— Task description —
Output the whole listing exactly, with no pictures.

┄┄┄┄┄┄

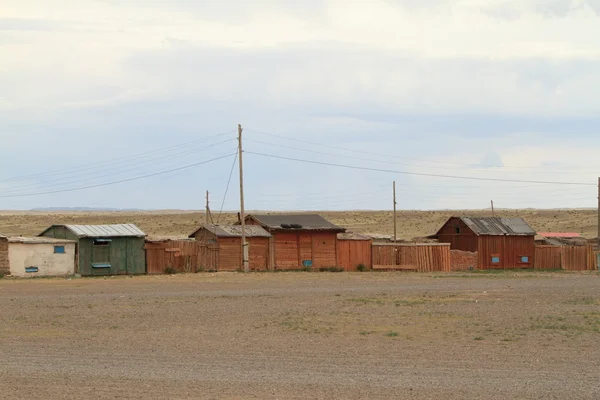 Wieś w Mongolii — Zdjęcie stockowe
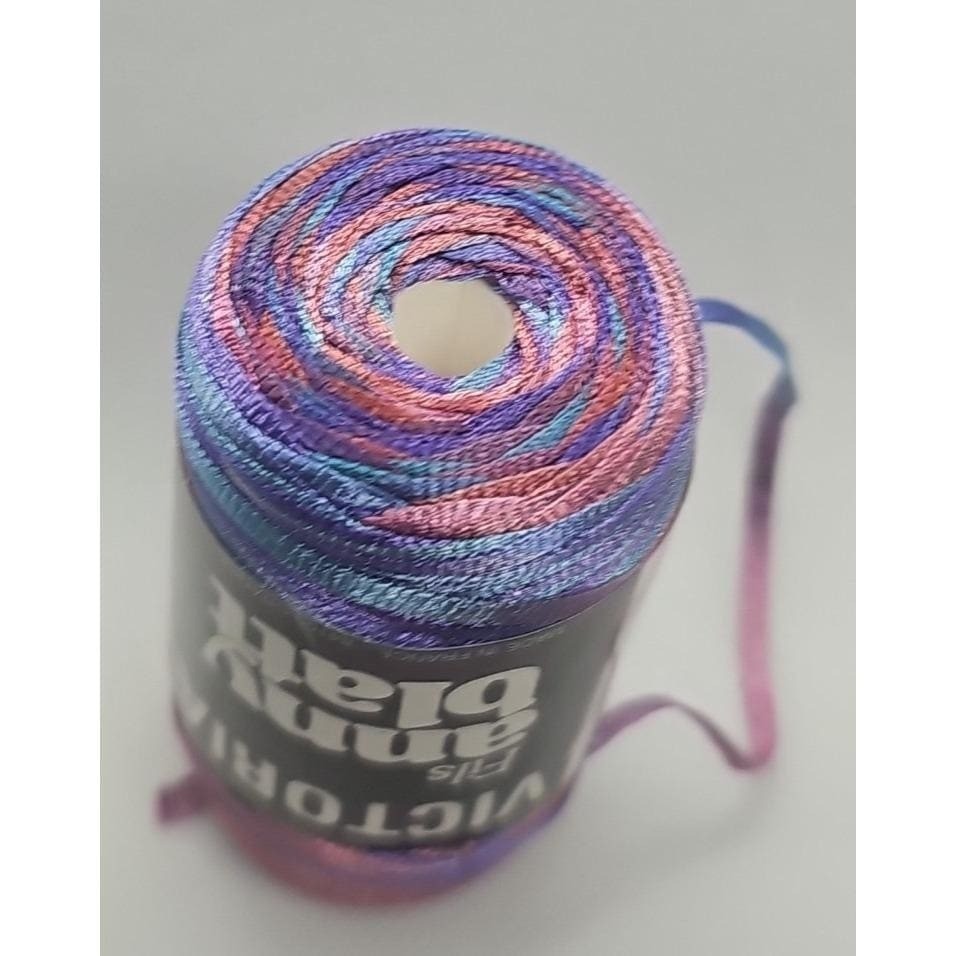 Anny Blatt Victoria Ribbon Yarn Nylon Multicolor 50g
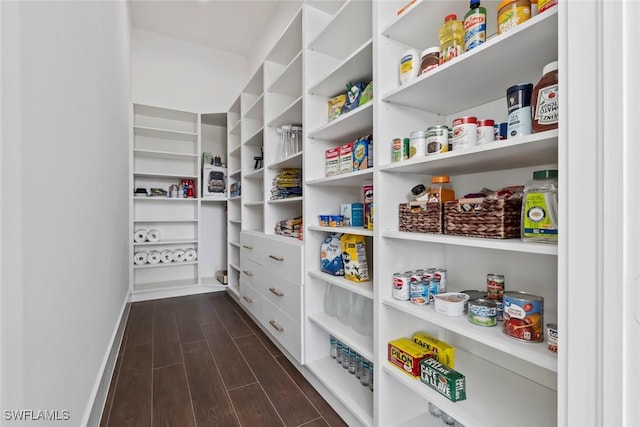 view of pantry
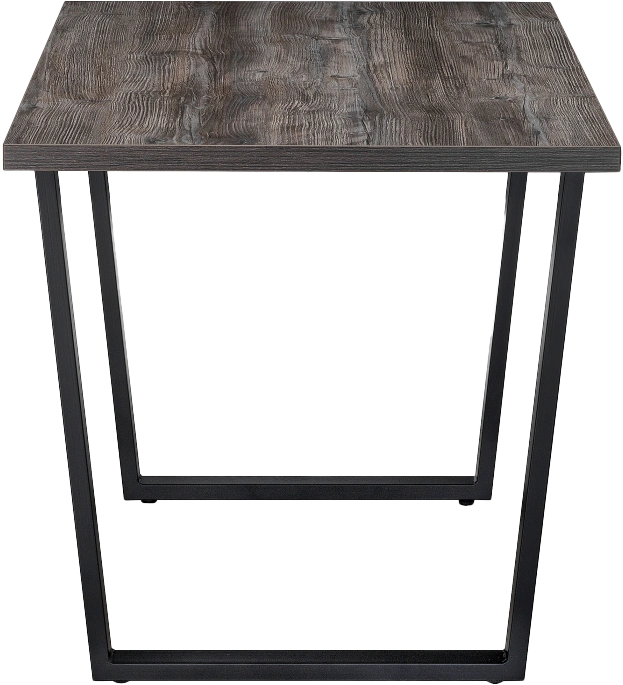 Кухонный стол Эльпатия, 110x75, ЛДСП, дуб рошелье, каркас черный матовый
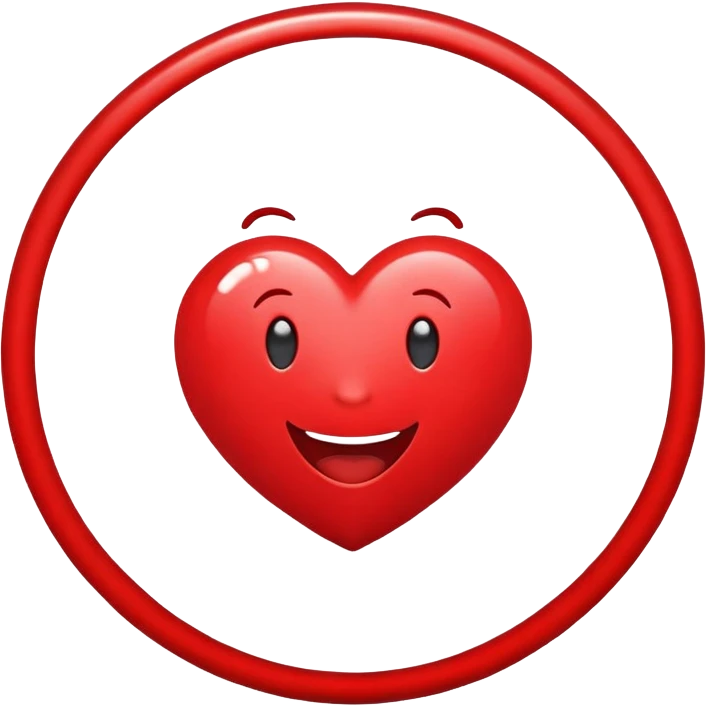 happy heart circle very excited  emoji
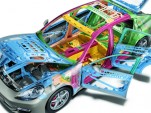 2010 Porsche Panamera technical drawing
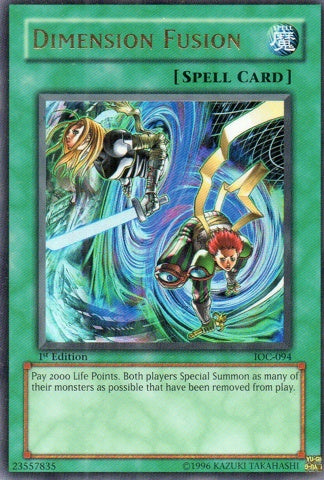 Fusión de dimensiones [IOC-094] Ultra rara 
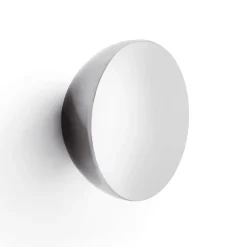 New Works wandspiegel Aura Large, Ø 13 cm, roestvrij staal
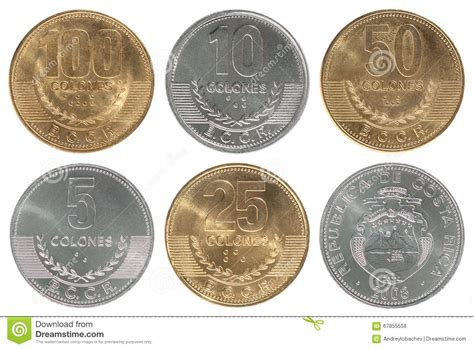 Monedas De Costa Rica Set Foto De Archivo Imagen De José 67855558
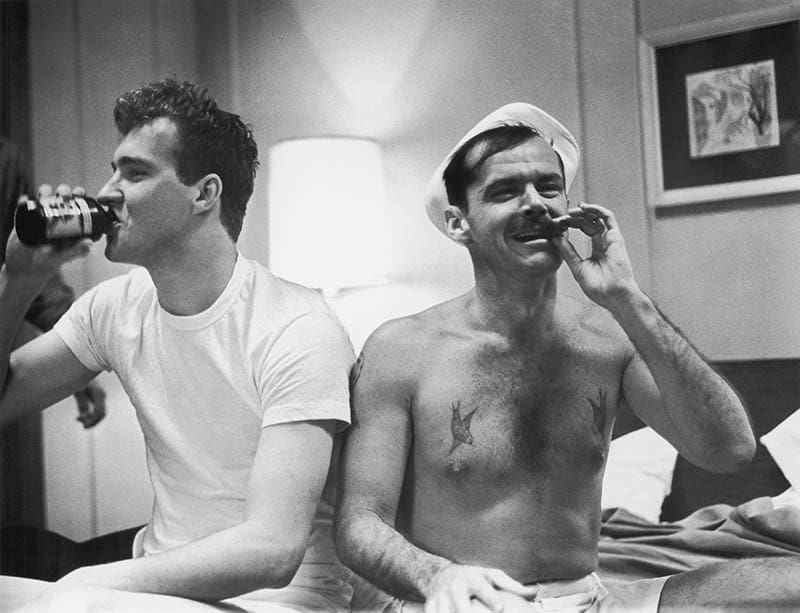 Randy Quaid and 
Jack Nicholson in 
The Last Detail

┄┄┄┄┄┄

— Answer to the exercise —
 Wieś w Mongolii — Zdjęcie stockowe
 Anny Blatt Victoria Ribbon Yarn Nylon Multicolor 50g
 view of pantry
 Кухонный стол Эльпатия, 110x75, ЛДСП, дуб рошелье, каркас черный матовый
 happy heart circle very excited  emoji
 2010 Porsche Panamera technical drawing
 Fusión de dimensiones [IOC-094] Ultra rara 
 New Works wandspiegel Aura Large, Ø 13 cm, roestvrij staal
 Monedas De Costa Rica Set Foto De Archivo Imagen De José 67855558
 Randy Quaid and 
Jack Nicholson in 
The Last Detail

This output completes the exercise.